Jerry Sohl fait partie de ces auteurs américains d’après-guerre largement oubliés aujourd’hui. De la douzaine de romans qu’il a écrits, la plupart dans les années 50, seuls La Révolte des femmes (Le Rayon Fantastique, 1954) et le thriller Sommeil de mort (Presses de la Cité, 1984) ont été traduits chez nous. Ainsi donc que cette Aiguille de Costigan, dont c’est la troisième édition française en un peu plus d’un demi-siècle (les précédentes, sous le titre de L’Invention de Costigan, furent publiées dans des collections pour la jeunesse).
Le roman est composé de deux parties nettement distinctes. Dans la première, on découvre la fameuse invention du professeur Winfield Costigan, une machine ouvrant une porte vers… ailleurs. Monde lointain ou univers parallèle ? Impossible de répondre sans y envoyer quelqu’un, seuls les organismes vivants pouvant franchir le seuil (ceux qui s’essaieront à y passer la tête y laisseront d’ailleurs leurs plombages). Et les premiers courageux à s’y risquer ne semblent pas être en mesure de faire le chemin en sens inverse. Entre interrogations sur la nature et les capacités de l’appareil, vaines tentatives de cacher aux autorités les premières disparitions, puis interventions de quelques fous de Dieu jugeant cette expérience blasphématoire, on n’a guère le temps de s’ennuyer.
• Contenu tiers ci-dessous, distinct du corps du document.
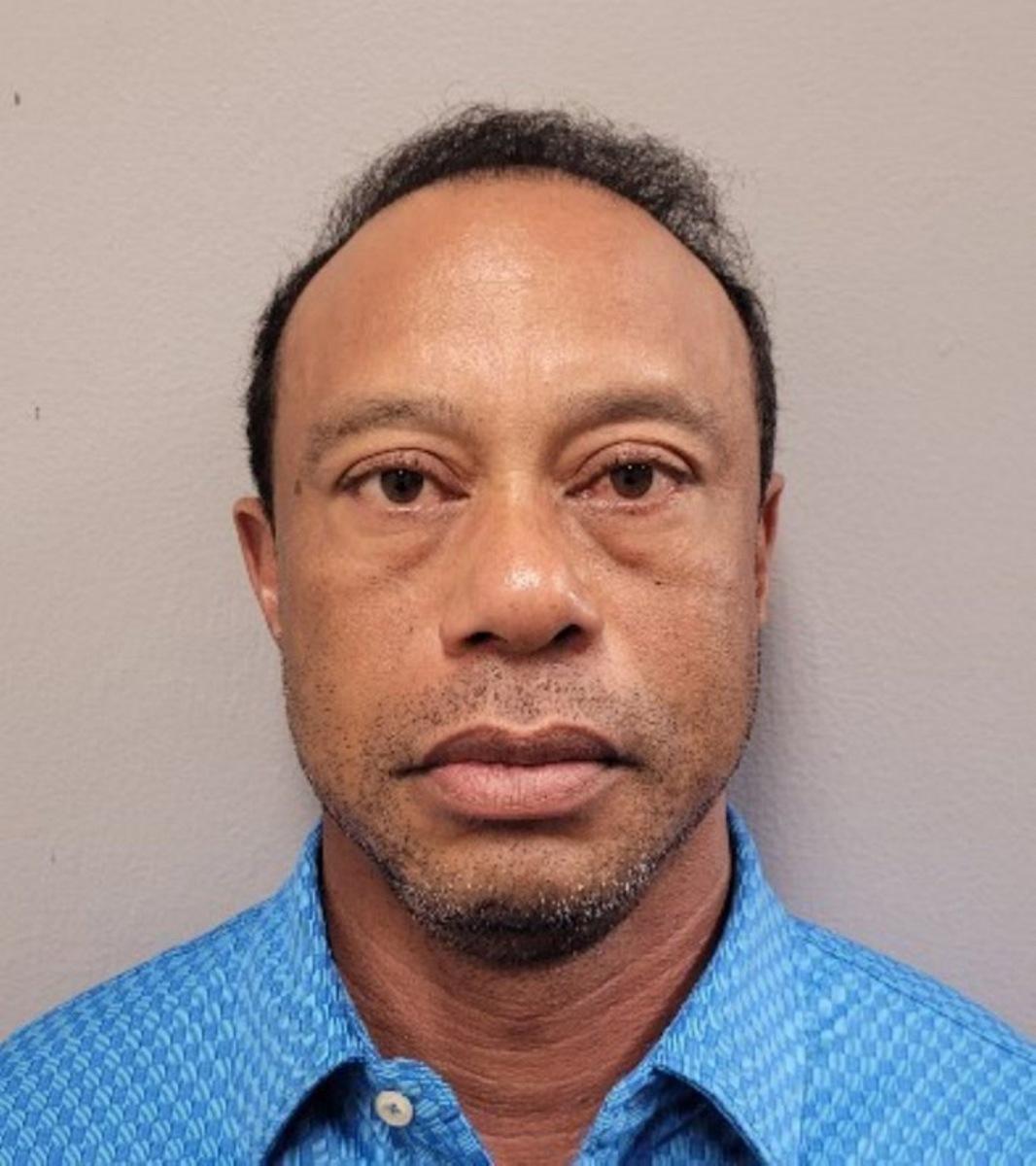 This handout mugshot released on March 27, 2026 provided by the Martin County Sheriff's Office shows the mugshot of US golfer Tiger Woods, 50, who was arrested in Jupiter Island, Florida on March 27, 2026. The golf icon was arrested and charged with driving under the influence after a rollover crash near his Florida home, authorities said. HANDOUT / Florida Department of Corrections / AFP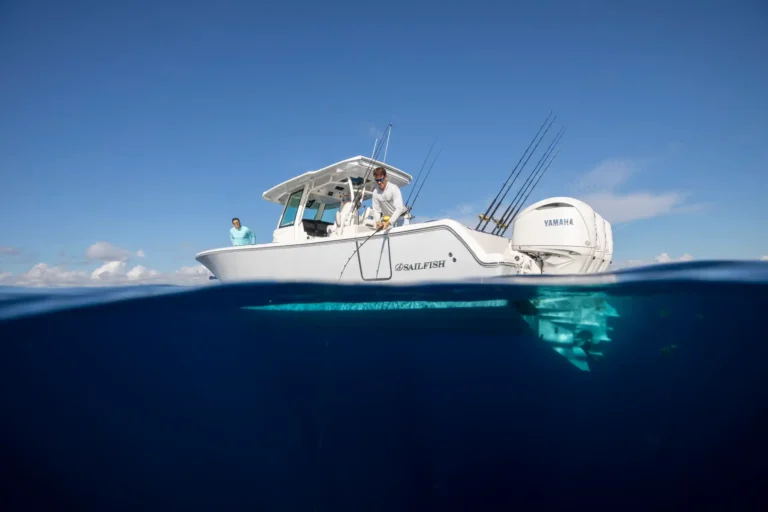 Over-and-under shot of a white Sailfish fishing boat on blue water; two men on deck with fishing rods and a Yamaha outboard visible at the stern.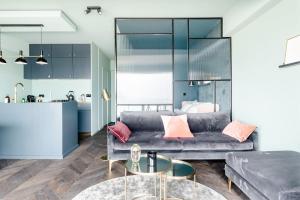 a living room with a couch and a table at Luxueuze suite met frontaal zeezicht in Knokke-Heist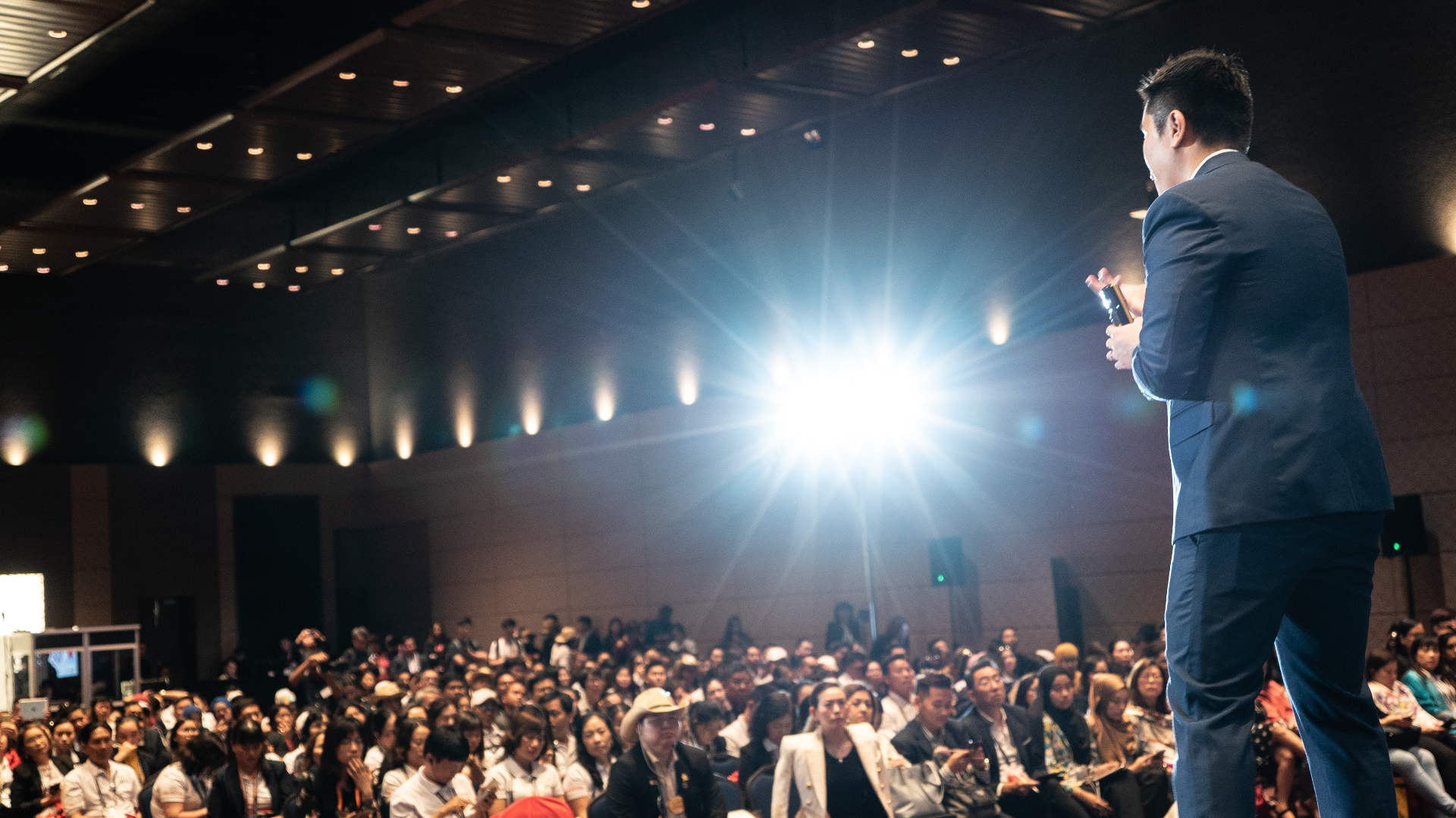 Top of Mind speaker on stage before a large financial services audience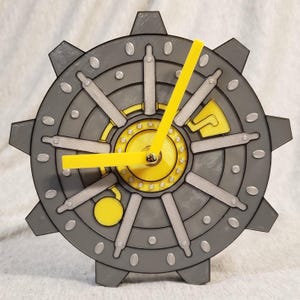 May include: A gray and yellow clock with a gear-like design. The clock features yellow hands and accents, with a circular face resembling a vault door. The clock's design includes silver details and a yellow pendulum.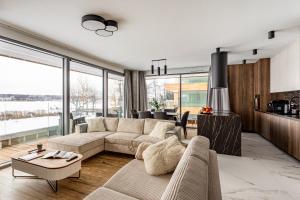 a living room with a couch and a table at Zegrze Riva with the view in Zegrze Południowe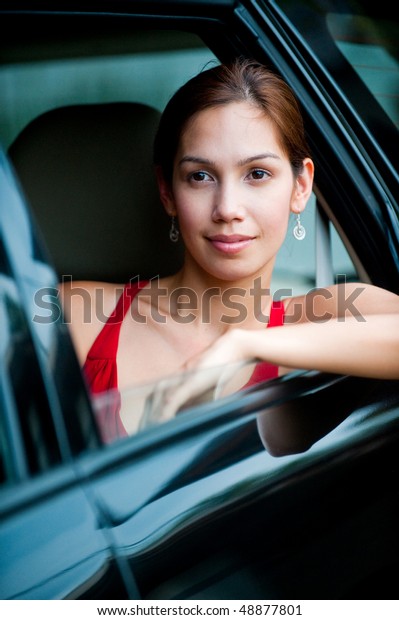 An attractive well-dressed lady stepping out of\
a stylish car outdoors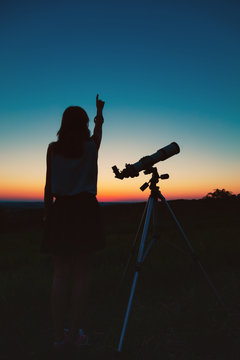 Girl looking at the stars with telescope beside her.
La seconde moitié du récit, tout aussi réussie, se déroule de l’autre côté, et oblige ses protagonistes à mettre en œuvre toutes leurs connaissances technologiques et scientifiques, d’abord pour survivre, puis pour rebâtir une civilisation, avec toujours en ligne de mire l’espoir de regagner leur monde d’origine.
À certains égards, L’Aiguille de Costigan marque le poids des ans, à commencer par le rôle auquel y sont reléguées les femmes ou le côté caricatural de bon nombre de personnages. Ces quelques réserves mises à part, il s’agit d’un récit fort agréable à lire, rythmé et inventif. Jerry Sohl ne s’embarrasse pas de la moindre explication pseudo-scientifique pour justifier l’invention de Costigan, allégeant ainsi son récit de nombreuses digressions inutiles. Surtout, dans la seconde partie, il sait admirablement faire vivre la petite communauté qu’il met en scène, jusqu’à les amener à se questionner sur leur nouvelle situation, comparée à celle qu’ils ont connu autrefois. Malin jusque dans sa résolution, L’Aiguille de Costigan est un roman certes mineur, mais un indéniable plaisir de lecture.